Experimental tests S-NC-2 and S-NC-3 were used to assess the RELAP5/MOD3.3 Patch05 computer code. The code developers concluded that it appears the interphase drag model allowed too much liquid to be entrained thus affecting the results of the calculation and that further investigation into the interphase drag model is warranted. The purpose of the present study was to investigate by sensitivity study the influence of interphase drag in the primary system.
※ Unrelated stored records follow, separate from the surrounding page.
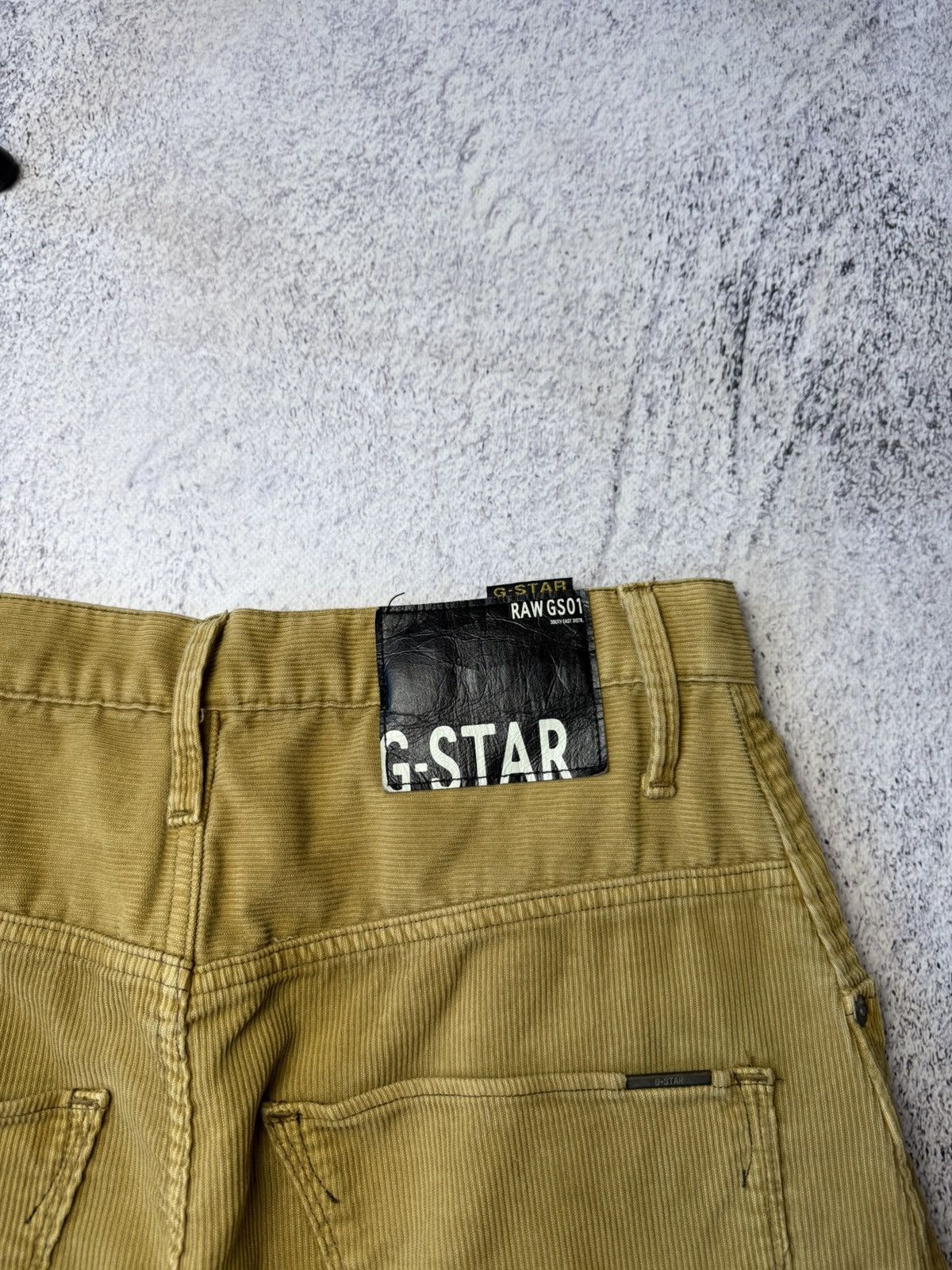 G-Star Vintage G-Star Raw Corduroy Pants Y2K Japanese Size US 32 / EU 48 - 17 Thumbnail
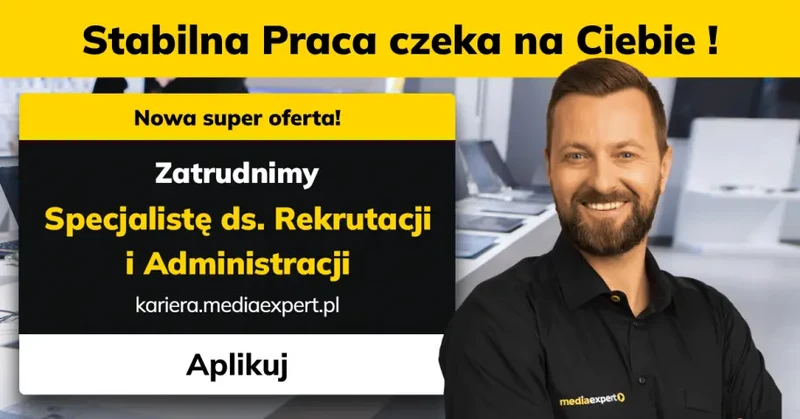 Specjalista ds. Rekrutacji i Administracji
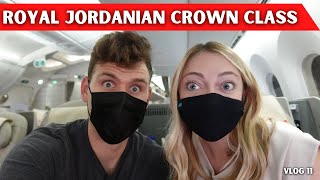 WHY WE ARE SO EXCITED TO TRAVEL TO JORDAN plus Royal Jordanian Business Class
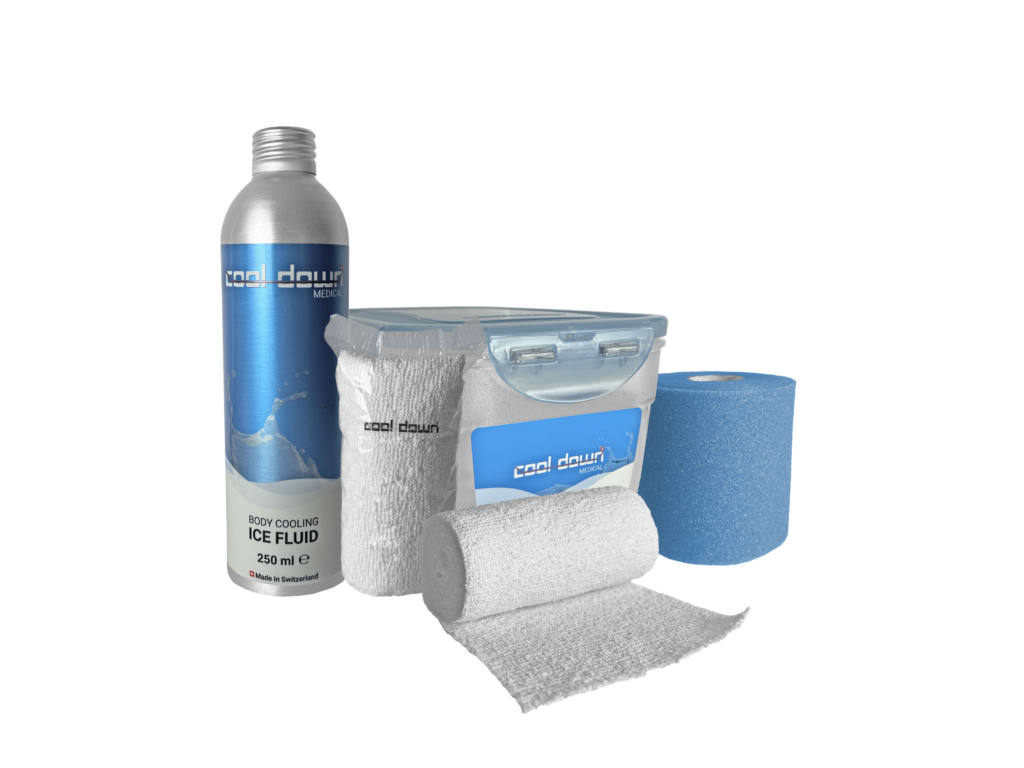 cool down PROFESSIONAL SET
The natural circulation experiments were performed in the Semiscale Mod-2A test facility, which is a small-scale model of the primary system of a four-loop Pressurized Water Reactor (PWR). The tests selected were Semiscale natural circulation tests S-NC-02 and S-NC-03. For sensitivity calculations, the latest RELAP5/MOD3.3 Patch05 computer code has been used. The ASCII input deck was obtained in the frame of RELAP5 code distribution for the auto validation purposes. The Symbolic Nuclear Analysis Package (SNAP) graphical user interface animation mask has been created to better understand the influence of varying interphase drag on natural calculated physical phenomena and processes. The results for S-NC-2 test showed that interphase drag coefficient has some influence on the mass flow during natural circulation, but smaller than suspected by code developers. For S-NC-3 test, it was confirmed that equating the height and distribution of the two-phase mixture in calculation within the U-tubes with the experimental condition is essential to predict correctly the degraded heat transfer phenomena.